As a LPA prepares its plan, the potential sites are assessed; some will be rejected, some are shortlisted for allocation and considered further, and some – eventually – are chosen for inclusion in the strategy submitted for examination. Most local plans depend on tens of individual sites – large and small - to meet their needs over a 15+ year period. Local residents and other stakeholders are entitled to challenge the plan’s chosen allocations through representations and at examination in public (EIP), often on the basis that – for example – they consider the adverse impacts are greater than was concluded by the Council, or that there are alleged barriers to its deliverability which mean it may not deliver the scale of development or benefits envisaged. Responsibility for defending the draft plan lies with the LPA, but those promoting the land will often be invited by the Inspector to assist the EIP by providing evidence as to whether the LPA’s approach is ‘sound'.
The simple point is that land is not magically allocated solely on the basis of what the LPA wants to do; it has to be justified and tested and a large part of this is paid for by the promoter of the site: directly through their own commissioned studies and (increasingly) indirectly via a Planning Performance Agreement (in which the promoter pays for the LPA's work on the local plan). Check and challenge via EIP is part of the process of securing community confidence that decisions have been made transparently and in the public interest.

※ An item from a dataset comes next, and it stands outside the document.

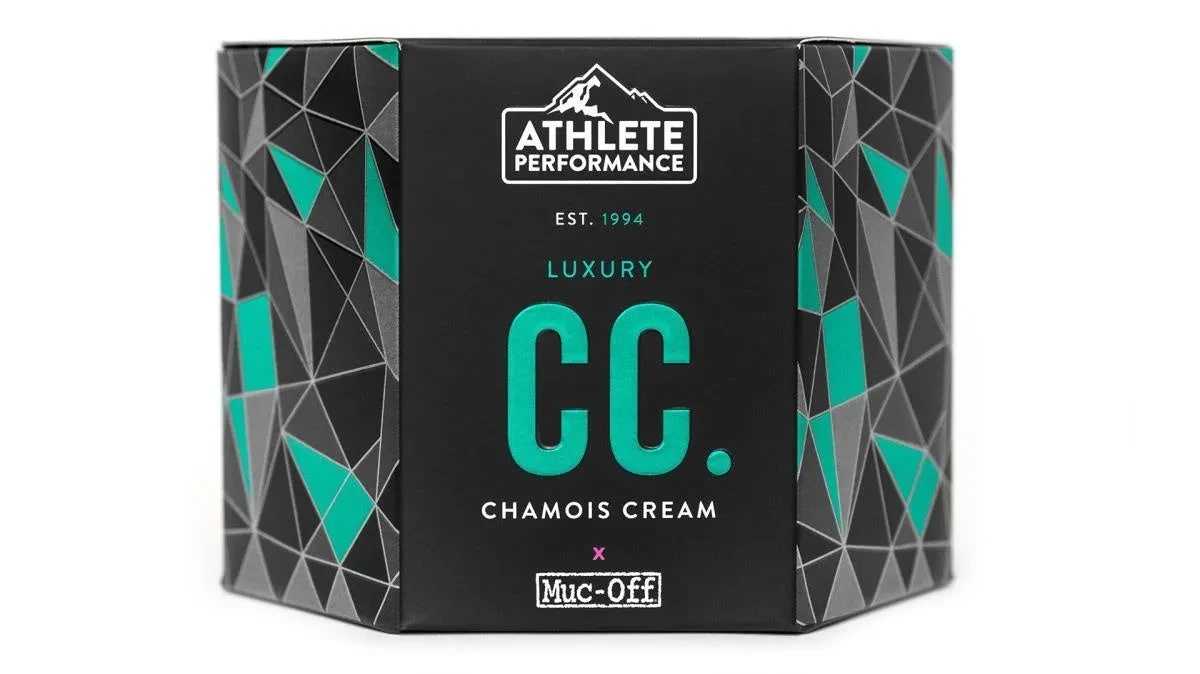 Muc-Off Athlete Performance Luxury Chamois Cream 250ml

All of this is done without any guarantee that a site will be allocated: LPAs might select – at most– one in three sites that are put forward. For large-scale sites – such as new settlements – the odds might be very long indeed. For example:
The Stratford on Avon Core Strategy considered five large-scale new settlement/urban extension options in 2014, before settling on one option (Gaydon Lighthorne Heath) and then having to select a further option (Long Marston Airfield) mid-way through the Examination when soundness was successfully challenged by the promoter;
In the Bedford 2030 Local Plan, four new settlement options were promoted and assessed; one (Colworth) was allocated in a draft plan before being superseded by a submission plan in which none of the sites were allocated;
In the North Essex Local Plan, three large-scale new settlements were promoted as part of the Garden Communities Programme and proposed for allocation, but only one of these was confirmed at Examination. A similar problem afflicted adjacent Uttlesford.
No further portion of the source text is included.